1.5 Data Science Roles

As companies learn about using data to help with the business, there is a continuous specialization of different data science roles. As a result, the old “data scientist” title is fading, and some other data science job titles are emerging. In the past, misunderstanding data science’s fundamental work led to confusing job postings and frustrations for stakeholders and data scientists. Stakeholders were frustrated that they weren’t getting what they expected, and data scientists were frustrated that the company didn’t appreciate their talent.

On the one hand, the competitive hiring market has pushed organizations to have a streamlined and transparent interview process. They must clarify the role and responsibilities, tool usage, and daily work for the candidates to understand what the role entails. Role clarity is critical for building a career path and retaining data science talents. As a result, we are glad to see the job definition within an organization has improved dramatically.
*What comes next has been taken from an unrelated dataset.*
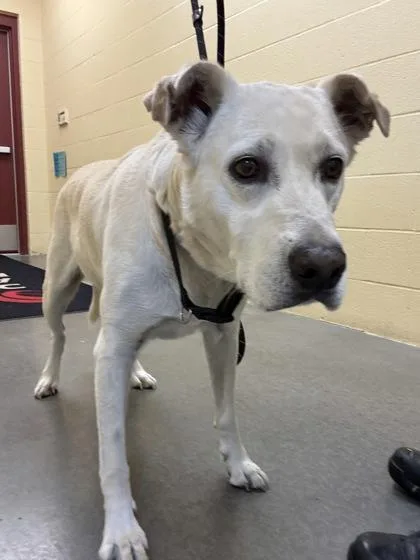 An adult large-sized male Labrador Retriever dog named Jax for adoption in Independence, MO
On the other hand, however, there is title inconsistency across different companies or industries, especially for the analytical roles (i.e., data analysts and data scientists). An analyst at one company may be close to a data scientist at another company.

The following table shows a list of data science job titles. Some are relatively new, and others have been around for some time but are now well-defined. In the rest of this section, we will illustrate different data science roles, backgrounds, and required skills in general. The title and profile combination in the following text may not represent the truth of a particular company. You may find the description of a role under a different title.

Role	Skills
Data infrastructure engineer	Go, Python, AWS/Google Cloud/Azure, logstash, Kafka, and Hadoop
Data engineer	spark/scala, python, SQL, AWS/Google Cloud/Azure, Data modeling
BI engineer	Tableau/looker/Mode, etc., data visualization, SQL, Python
Data analyst	SQL, basic statistics, data visualization
Data scientist	R/Python, SQL, basic applied statistics, data visualization, experimental design
Research scientist	R/Python, advanced statistics, experimental design, ML, research background, publications, conference contributions, algorithms
Applied scientist	ML algorithm design, often with an expectation of fundamental software engineering skills
Machine learning engineer	More advanced software engineering skillset, algorithms, machine learning algorithm design, system design

The above table shows some data science roles and common technical keywords in job descriptions. Those roles are different in the following key aspects:

How much business knowledge is required?
Does it need to deploy code in the production environment?
How frequently is data updated?
How much engineering skill is required?
How much math/stat knowledge is needed?
Does the role work with structured or unstructured data?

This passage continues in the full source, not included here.